Health Monitoring – If there’s one thing the ACE seems to have a fairly large amount of options on, it’s the health monitoring or probes. All the major protocols have specific probes on the ACE that are used to check the health of the back end or “real” servers. This is way beyond the load balancer simply pinging the server to make sure it is up and running. Let’s say you used the HTTP probe. Instead of just trying a simple ping to check a back end servers’ status, the HTTP probe can actually go out and make an HTTP connection to the server or serverfarm. That’s a far more intelligent way to query server status. Based on the probe results, any number of things can be done to the various serverfarms and servers ACE may be providing services for. They may be taken out of active status, have their priority reduced, etc.
There’s a LOT more to this stuff. This was only day 2 of 4! More to come.
First off, let me point out that this is not a boot camp with a certification in mind. It’s a 4 day course given by Firefly Communications. Although I booked the course through Global Knowledge, I was told that they typically outsource their data center courses to Firefly. Works for me. As long as it is quality training, I don’t care if you outsource it to Elbonia. I am assuming they use the term “boot camp” because it is an end to end ACE class taught in just 4 days.

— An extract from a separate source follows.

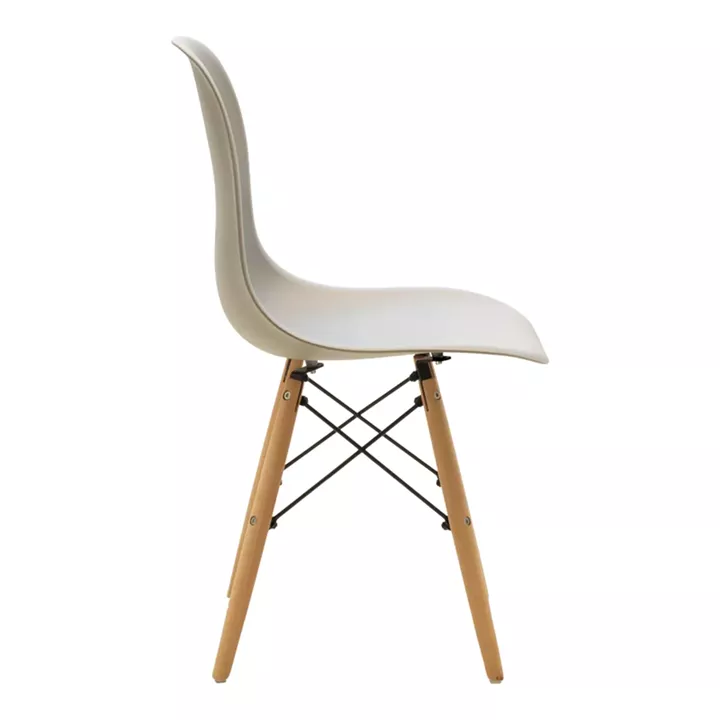 Julita chair pakoworld PP cappuccino with natural leg 46x52x80cm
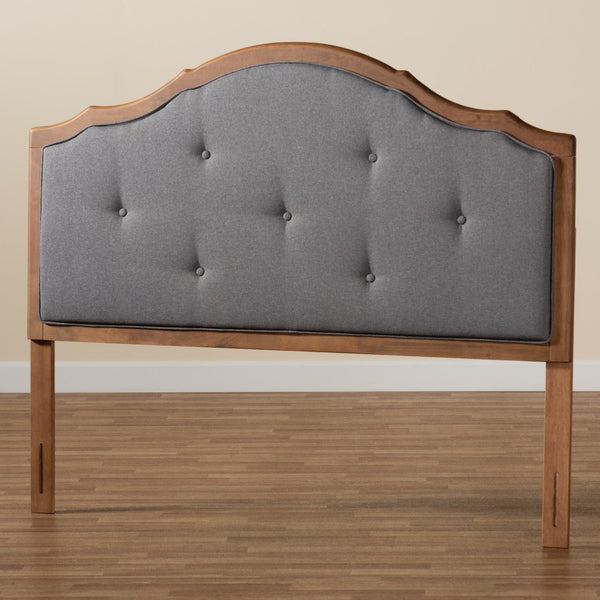 Baxton Studio Baxton Studio Gala Queen Size Arched Headboard: Vintage Tufted Fabric & Walnut Finish Elegance MG9743-Dark Grey/Walnut-HB-Queen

Which brings me to my first point. My company was able to use Cisco Learning Credits to pay for this class. At 30 credits, that translates to $3,000 US dollars for 4 days worth of training. Sitting in the class, I couldn’t help but notice people doing regular work while the instructor was going through his lecture. I realize most places are understaffed. Outages happen. Fires have to get put out. However, $3,000 for 4 days to me is a big deal. If you send your employees off to training that is critical/applicable for their job, LET THEM TRAIN! Leave them alone while they are there. Of course, that’s a 2 way street in that some employees need to learn to let go as well. The company will function without them for a few days. You can turn off “martyr” and “hero” mode for a couple of days. I am checking e-mail at night, but not being obsessive about it. I have very capable co-workers who can do anything and everything without my help.
Now, on to the actual class. Let me begin by commenting on the quality of instruction. I’ve been to plenty of poor classes in which someone was trying to shovel test material down your throat the whole time. I’ve also sat in several classes where the instructor was obviously out of their league and could not field questions from the crowd that weren’t covered on the vendor approved slide deck. That is simply not the case with Firefly. My instructor is very competent and when he hits the limit of his knowledge, he indicates that. So far, I think I have only seen 1 time out of the dozen or so questions he was hit with today in which that was the case. I guess that is what $3,000 a seat gets you.
It seems as if there is a fairly decent mix of people in this class. About a dozen or so in attendance. A fair amount of them are actually using the ACE 4710 appliance which I thought was rather interesting. Of course, most are using the standard ACE module. There are varying levels of experience with ACE as well. I was under the impression that I would be here mainly for the second half of the class, as I felt comfortable with the basics. Of course, just when you go and get comfortable, you realize how little you know. I learned a LOT today. Mainly, it was about things I never really bothered to dig into. You see, like most people, we probably only dig into the features we absolutely need right now. Maybe we plan on coming back and covering everything else at a later time, but I think that happens far less than we’d like it to. Some of the things we covered today that I was horribly deficient on were:
Resource Management – If you use multiple contexts, RM can prevent a single context from taking over the entire resources of the module. I don’t use this as it is currently not a concern, but good to know if things change!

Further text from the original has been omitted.